LAS VEGAS -- Publicly traded casino companies added nearly $1 billion in market value in the past week, largely because of Boyd Gaming Corp.'s addition to a national index and new orders for slot manufacturers.

The Dow Jones Casino Index closed at 322.6 Friday, up more than 3 percent for the week.

The 60 gambling industry stocks included in the index ended the week with combined market capitalization of $26.8 billion, up more than $800 million compared with the week before and up $11 billion from the low for the year.

Boyd Gaming Corp. and Station Casinos were the only Las Vegas-based gaming operators that outperformed the sector.

"When we look at operators along the Strip, they remained stable week over week. Only the manufacturers and two of the operators were the primary cause of the (stock) appreciation during the week," said Brian Gordon, spokesman for Applied Analysis, a Las Vegas-based financial consulting company.

Analysts said the driving force behind Boyd Gaming was its forthcoming addition to the S&P MidCap 400 Index after the close of trading Monday, replacing business-software provider Legato Systems.

A spokesman for Standard & Poor's, an independent credit rating, risk evaluation and investment research firm, said Boyd met the standards for liquidity, market capitalization and sector representation necessary to fill the vacancy that had been created with the sale of Legato Systems to EMC Corp., an S&P 500 stock.

Industry analysts said Boyd's addition to the index opened the company to a new class of investors and led to a substantial increase in the stock's trading volume. For the week, 4.2 million shares in Boyd Gaming changed hands, more than double the stock's weekly average.

Boyd shares jumped 5 percent Wednesday morning on news reports of the S&P action, closing the day at $14.97 on volume of 1.7 million shares compared with an average volume of 418,000.

BusinessWeek also ran an Inside Wall Street column item last week speculating that Boyd was a potential takeover target and that shares were a bargain based on the company having the lowest price-earnings multiple among major gaming company stocks, a move Gordon said added to interest in the stock.

On the buyout chatter, Boyd Gaming spokesman Rob Stillwell said, "Never say never," although he stressed his company is more interested in buying than selling.

For the week, Boyd shares closed at $15.25, up 6.5 percent for the week and up a sector-leading 320 percent since Jan. 2, 2001.

"The smaller sector of the market, companies such as Boyd and Station Casinos, appear to be the real growth sector of the gaming industry and, to a certain degree, less affected in Nevada than the big Strip guys by Indian casinos in California," Blaylock and Partners analyst Ray Neidl said.

Station shares closed Friday at $33, up 4.25 percent for the week.
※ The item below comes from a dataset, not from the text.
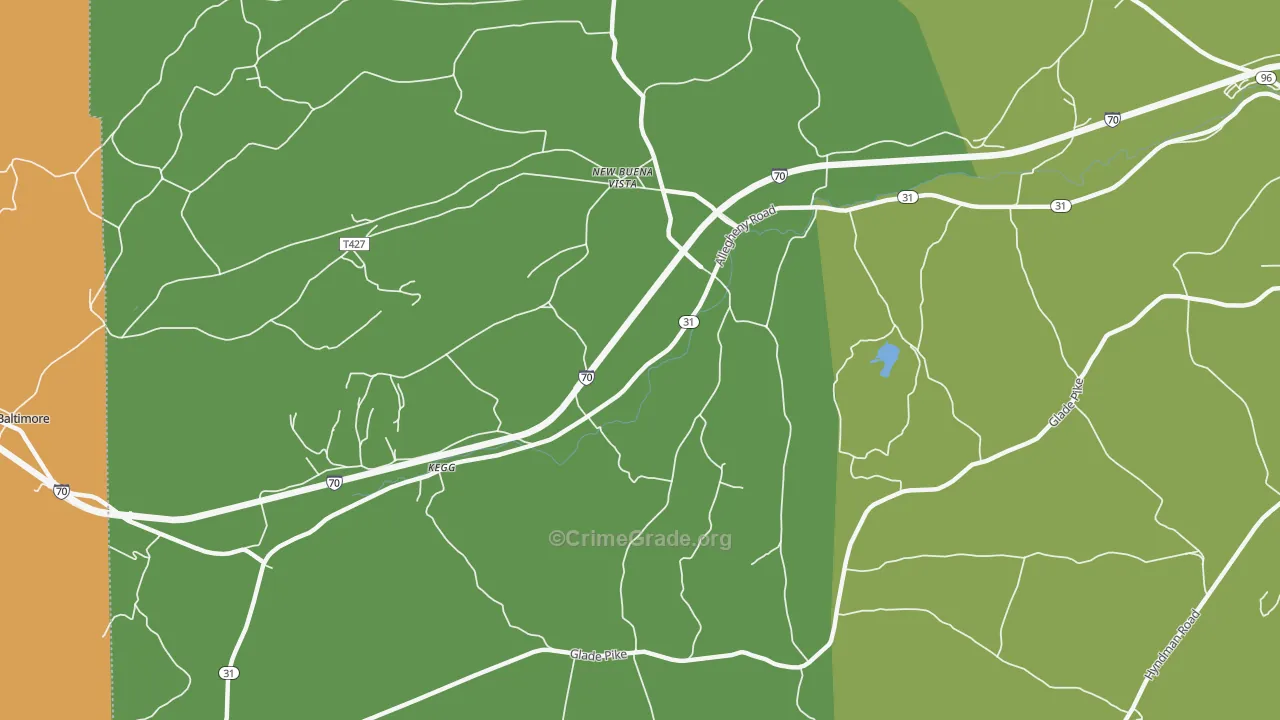 New Buena Vista, PA Map of Murder Rates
Other than Boyd and Station, shares in operators' companies paced the S&P 500 Index, which closed flat for the week at 1039.32. But slot manufacturers' dramatically outperformed the market.

During the week, Harrah's Entertainment announced it would buy 11,000 coinless slot machines from International Game Technology for an undisclosed price, raising IGT's 2004 expected replacement demand to roughly 65,000 machines.

As a result, Merrill Lynch revised its 2004 earnings per share estimates from $1.26 to $1.32 and upgraded IGT to a "buy" from a "neutral" rating.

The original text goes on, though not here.